Repeat the following data exactly, omitting pictures.

» Source material

# # # # #

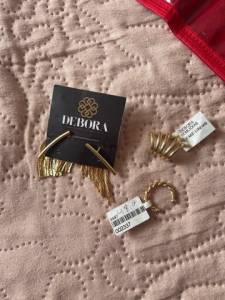 Semi Joias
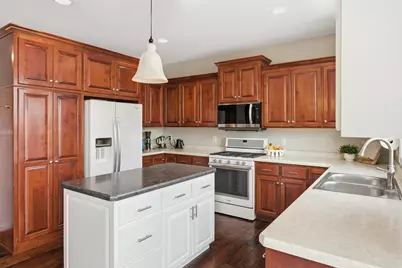 10512 Florida Avenue N, Brooklyn Park, MN 55445 - Photo 14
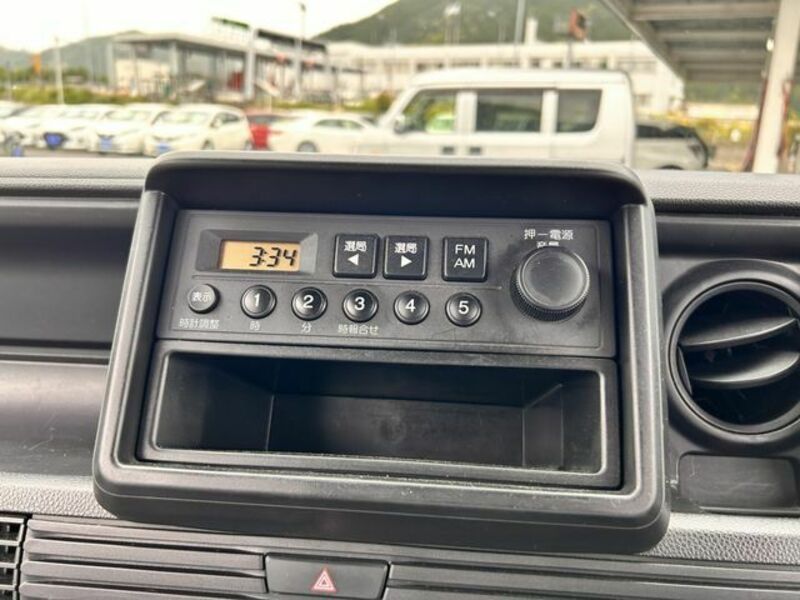 N-VAN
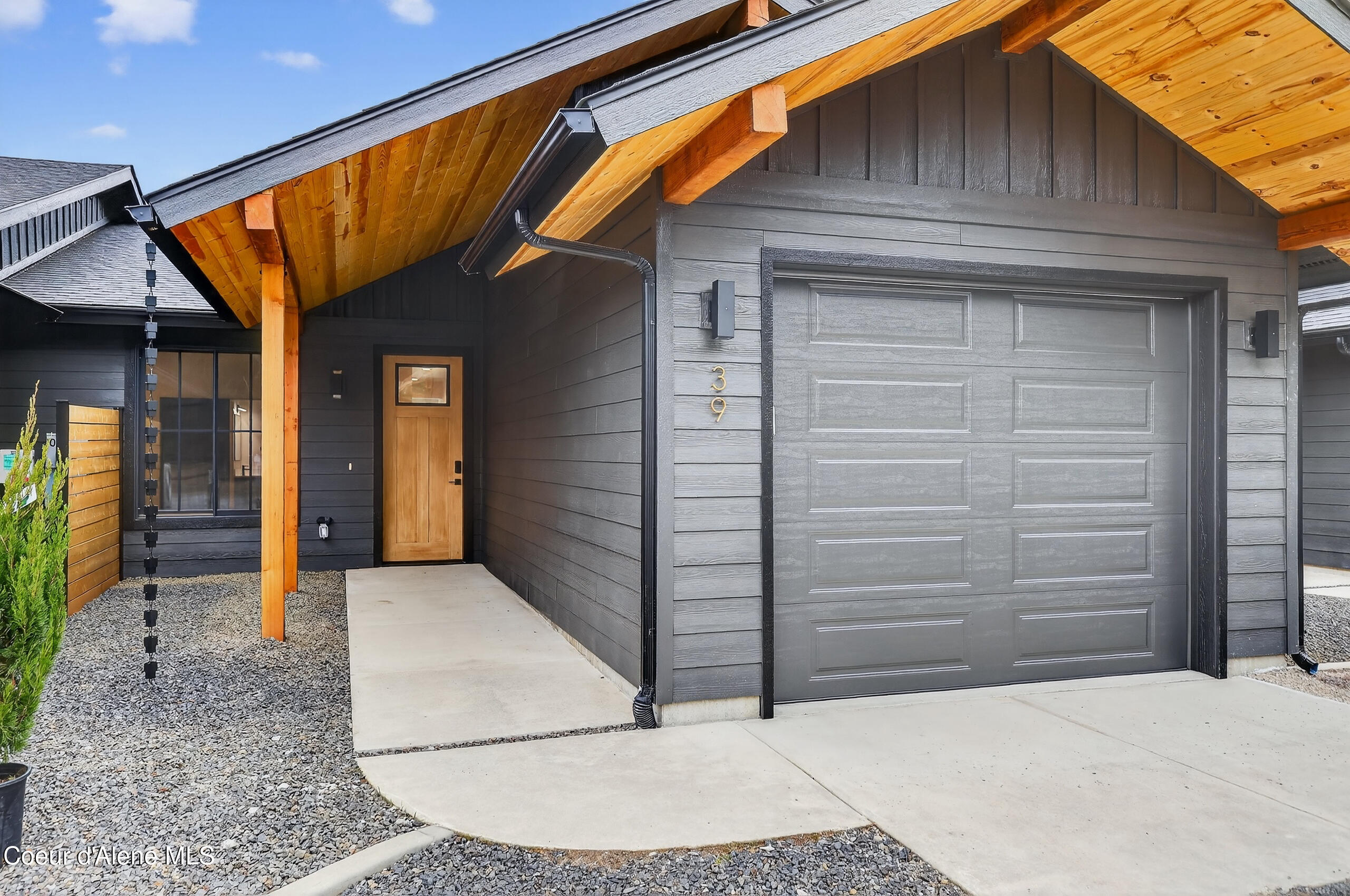 33 Rebecca Ln — photo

# # # # #

» Output of the exercise
 Semi Joias
 10512 Florida Avenue N, Brooklyn Park, MN 55445 - Photo 14
 N-VAN
 33 Rebecca Ln — photo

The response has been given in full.